Apa yang diceritakan Pak Sunar, sepertinya pernah saya baca di sebuah majalah misteri tentang asal-usul lagu Nina Bobok. Entah  di mana itu. Namun ngomong-ngomong, kenapa saya merinding?
***
Angin malam masuk dari jendela. Tirai terhempas-hempas? Malam cukup dingin. Mungkin akan turun hujan lebat.
Saya menyeduh teh jahe, lalu serius menghadap komputer. Selintas saya seperti melihat seorang perempuan berbaju putih dan berambut panjang melintasi jendela. Mungkin saja itu tipuan mata. Saya kembali mengetik kata demi kata, hingga sayup-sayup mendengar suara perempuan bersenandung, "Nina bobok  oh Nina bobok. Kalau tidak bobok digigit nyamuk."
Ini benar-benar gila. Saya semakin berimajinasi mendengar senandung itu. Tapi tak lagi setelah mendengar suara lengkingan tawa. Saya mendelik. Lengkingan tawa itu berasal  dari gudang. Haruskah saya takut? Seorang novelis horor memiliki rangkap keberanian atau tepatnya cenderung nekad. Bersenjatakan senter ponsel, saya menuju gudang.
Suara lengkingan itu berubah kembali menjadi senandung. Seumur-umur saya belum pernah mengalami kejadian menyeramkan seperti ini
Perlahan saya membuka pintu gudang. Senandung itu berhenti. Saya melihat sebuah boneka tergantung di langit-langit gudang. Lehernya berdarah. Dia perlahan-lahan bersenandung lagu Nina Bobok. Tubuh saya kejang. Saya berusaha berlari sekencangnya. Si boneka terbang, lalu mencekik saya.
"Tolong!!!
"Cut! Syuting cukup sekian. Bungar, besok kita lanjut lagi." Seorang lelaki merapikan alat-alat di depannya.
Tiba-tiba tubuh saya ringan. Saya bersenandung, "Nina bobok oh Nina bobok. Kalau tidak bobok digigit nyamuk."

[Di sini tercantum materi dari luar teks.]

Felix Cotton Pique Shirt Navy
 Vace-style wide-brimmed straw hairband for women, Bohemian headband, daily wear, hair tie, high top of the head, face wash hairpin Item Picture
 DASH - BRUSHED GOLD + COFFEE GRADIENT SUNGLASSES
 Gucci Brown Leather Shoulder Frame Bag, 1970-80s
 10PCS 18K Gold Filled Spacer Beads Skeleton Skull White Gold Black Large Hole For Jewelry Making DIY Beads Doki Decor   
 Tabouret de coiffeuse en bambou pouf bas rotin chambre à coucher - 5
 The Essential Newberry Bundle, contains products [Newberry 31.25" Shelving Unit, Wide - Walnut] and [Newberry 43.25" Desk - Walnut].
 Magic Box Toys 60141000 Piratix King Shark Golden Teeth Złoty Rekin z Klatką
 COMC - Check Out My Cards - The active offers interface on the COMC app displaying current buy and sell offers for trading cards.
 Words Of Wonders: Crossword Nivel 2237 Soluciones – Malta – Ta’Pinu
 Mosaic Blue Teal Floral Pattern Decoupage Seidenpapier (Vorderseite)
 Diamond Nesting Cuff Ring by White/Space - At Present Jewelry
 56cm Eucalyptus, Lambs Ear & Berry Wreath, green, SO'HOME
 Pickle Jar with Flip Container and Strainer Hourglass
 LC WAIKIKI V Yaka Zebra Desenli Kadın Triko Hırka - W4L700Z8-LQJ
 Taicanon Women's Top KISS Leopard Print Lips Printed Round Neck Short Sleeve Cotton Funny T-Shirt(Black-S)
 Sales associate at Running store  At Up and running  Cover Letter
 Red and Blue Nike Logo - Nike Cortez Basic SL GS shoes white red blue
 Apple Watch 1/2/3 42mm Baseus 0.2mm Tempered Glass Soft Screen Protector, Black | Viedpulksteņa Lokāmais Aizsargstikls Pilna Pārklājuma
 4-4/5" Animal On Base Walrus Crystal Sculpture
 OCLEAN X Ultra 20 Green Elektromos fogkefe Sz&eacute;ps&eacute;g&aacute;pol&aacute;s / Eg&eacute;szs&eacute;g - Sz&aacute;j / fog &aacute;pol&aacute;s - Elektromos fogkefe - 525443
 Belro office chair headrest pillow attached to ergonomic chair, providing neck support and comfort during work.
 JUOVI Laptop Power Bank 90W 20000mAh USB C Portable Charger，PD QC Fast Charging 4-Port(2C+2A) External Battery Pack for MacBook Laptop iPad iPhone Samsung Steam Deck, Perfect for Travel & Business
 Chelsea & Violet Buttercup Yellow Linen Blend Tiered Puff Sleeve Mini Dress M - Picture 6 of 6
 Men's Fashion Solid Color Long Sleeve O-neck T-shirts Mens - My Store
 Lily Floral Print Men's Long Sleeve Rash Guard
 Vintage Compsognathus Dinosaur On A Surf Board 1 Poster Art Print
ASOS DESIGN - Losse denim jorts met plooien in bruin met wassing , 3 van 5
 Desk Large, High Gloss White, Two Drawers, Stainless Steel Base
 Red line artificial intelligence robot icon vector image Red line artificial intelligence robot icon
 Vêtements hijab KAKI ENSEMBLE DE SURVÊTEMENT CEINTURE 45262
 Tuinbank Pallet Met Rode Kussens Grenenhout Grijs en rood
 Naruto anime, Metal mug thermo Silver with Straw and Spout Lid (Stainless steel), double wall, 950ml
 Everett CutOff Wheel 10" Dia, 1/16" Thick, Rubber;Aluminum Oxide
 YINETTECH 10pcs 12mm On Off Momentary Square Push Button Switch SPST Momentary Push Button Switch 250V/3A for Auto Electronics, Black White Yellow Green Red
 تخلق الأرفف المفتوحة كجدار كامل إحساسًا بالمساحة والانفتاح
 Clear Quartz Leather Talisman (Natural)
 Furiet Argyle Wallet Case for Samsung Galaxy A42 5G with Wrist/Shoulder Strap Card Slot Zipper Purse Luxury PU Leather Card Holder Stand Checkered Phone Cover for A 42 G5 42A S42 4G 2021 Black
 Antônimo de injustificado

Orang-orang semua berteriak, "Barung kesurupan! Barung Kesurupan!"
***
"Jadi itu sebabnya kamu memilih pindah menjadi aktor film komedi?" Bahar menyesap kopinya yang sudah dingin. Saya terlalu lama bercerita.
"Ya, saya tak ingin kesurupan lagi. Dan saya ingatkan para aktor dan aktris yang ngebet membintangi film horor, jangan sekali-kali menyenandungkan lagu Nina Bobok saat sendirian."
"Kenapa? Apakah mereka akan kesurupan?"
"Tidak! Mereka akan tertidur karena lagu ini menjadi mantra penidur sejak zaman Belanda."
Kami tertawa terbahak-bahak. Namun tidak dapat tertawa lagi ketika ada senandung, "Nina bobok oh Nina bobok."